LOOKING beyond our relatively short physical lives on Earth, Theosophy teaches that the soul and spirit alone are eternal.
Further, the perennial wisdom tradition declares we don’t just ‘have’ a soul, we are Souls. (The Ocean of Theosophy, Chapter One)
Yet, there are many human beings who live physically to a ripe old age, and according to Wikipedia, the United Nations estimated in 2012 there were 316,600 living centenarians worldwide.
Methuselah is mentioned in the Bible as living 969 years. “But I have never heard of mortal man, layman, or Adept,” H. P. Blavatsky wrote in The Key to Theosophy, “who could live even half the years allotted to Methuselah.”
“Some Adepts do exceed, by a good deal, what you would call the ordinary age,” she said, “yet there is nothing miraculous in it, and very few of them care to live very long.” Mme. Blavatsky refers here only to the outward earthly physical body.
But the Spiritual and Astral Bodies that wise adepts have learned to occupy and control — achieving what is termed self-conscious immortality — have no expiration date.
Such Masters as Buddha remain fully alive while occupying their spiritual form (or Bodhisattvic Body). They are called Nirmanakayas, and remain invisible to the uninitiated. Such enlightened masters live a “secret life” of service to humanity.
One who selects the Path of Renunciation is described as a Bodhisattva, a “Buddha of Compassion.” The term literally means “one whose essence is wisdom” or “one of enlightened essence.”

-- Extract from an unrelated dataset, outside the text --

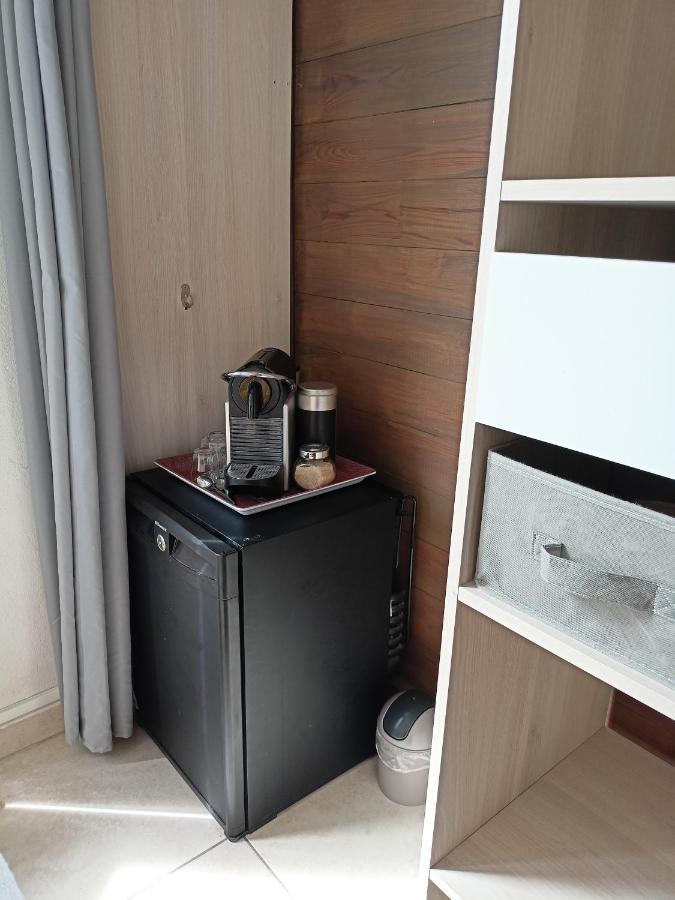 Chamb'Bouchons Apartment Saint-Francois  Ngoại thất bức ảnh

The Buddhist sage Aryasangha refers to Gautama Buddha as “the Supreme Nirmanakaya.” H. P. Blavatsky echoes his assertion, writing in a footnote: “The Esoteric School teaches that Gautama Buddha, with several of his Arhats, is such a Nirmânakâya, higher than whom, on account of the great renunciation and sacrifice for mankind, there is none known.”
Gautama, the Buddha, after reaching the goal of enlightenment, refused its rewards and remained on earth as a Teacher-Reformer, it is explained, and esoteric tradition teaches that
“he remains in the world, invisibly watching over and protecting mankind.”

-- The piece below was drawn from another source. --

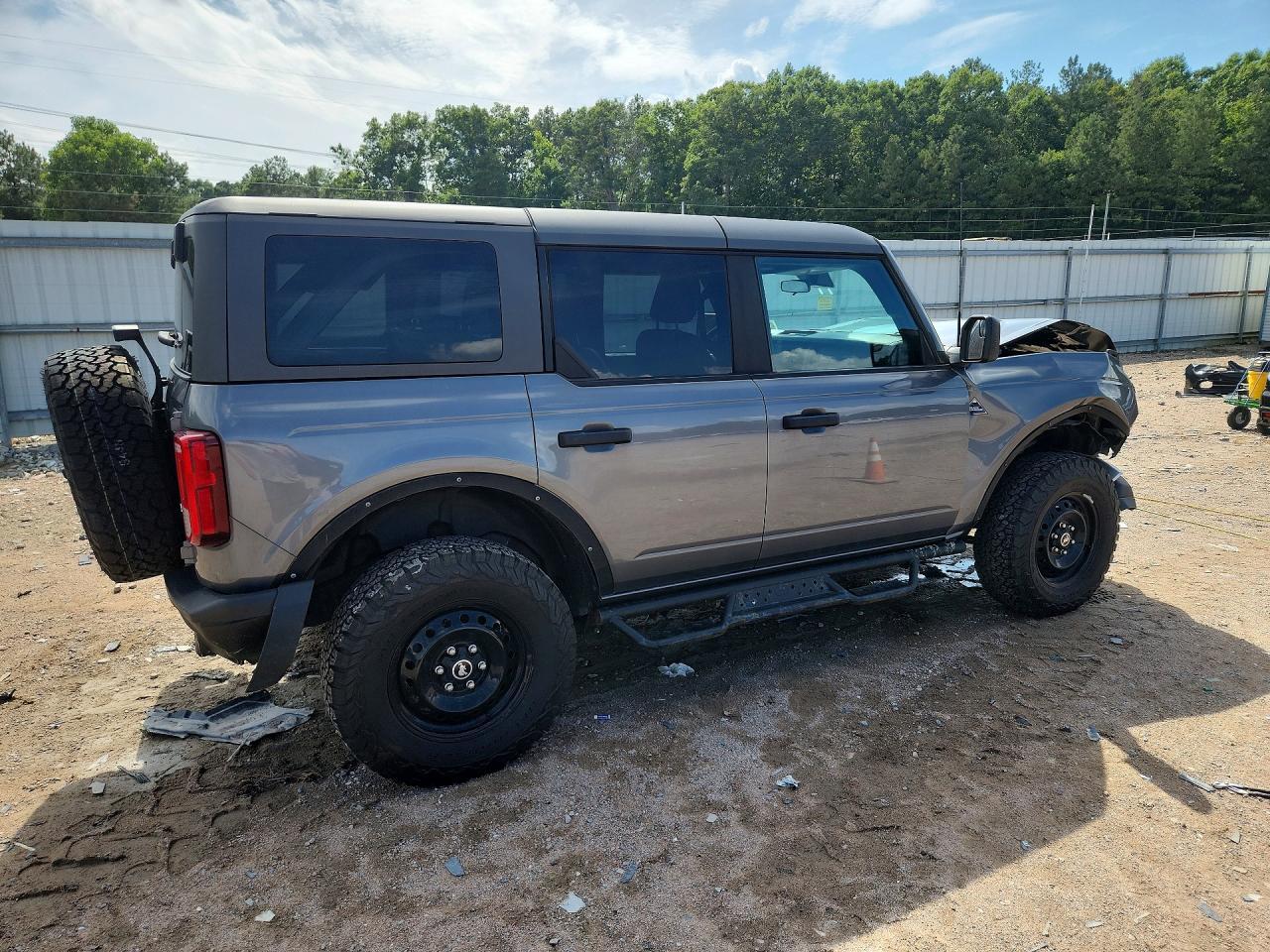 2023 Ford Bronco Base - Image 3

And the Buddha is not alone. What is called a living, spiritual “Wall of Protection“ still exists established to protect humanity, built by the “accumulated efforts of long generations of Yogis, Saints, and Adepts …
“… those Buddhas of Compassion who have woven for themselves glorious bodies in which they remain invisibly in the world, contributing towards man’s salvation.”
The “Guardian Wall” may also be called the “Wall of Protection.”
Those Masters are likened to ‘stones’ which go to form this spiritual Wall: “Built by the hands of many Masters of Compassion, raised by their tortures, by their blood cemented, it shields mankind, since man is man, protecting it from further and far greater misery and sorrow.”
The “accumulated efforts of long generations of Yogis, Saints, and Adepts, especially of the Nirmanakayas, have created, so to say, a wall of protection around mankind, which wall shields mankind invisibly from still worse evils.” (Voice, fn 28)
These advanced beings assist suffering humans “by influencing them to follow the Good Law and to tread the Path of Righteousness.” Silently they impress the invisible atmosphere of our earth with their Ideation, thus keeping the balance on the side of right.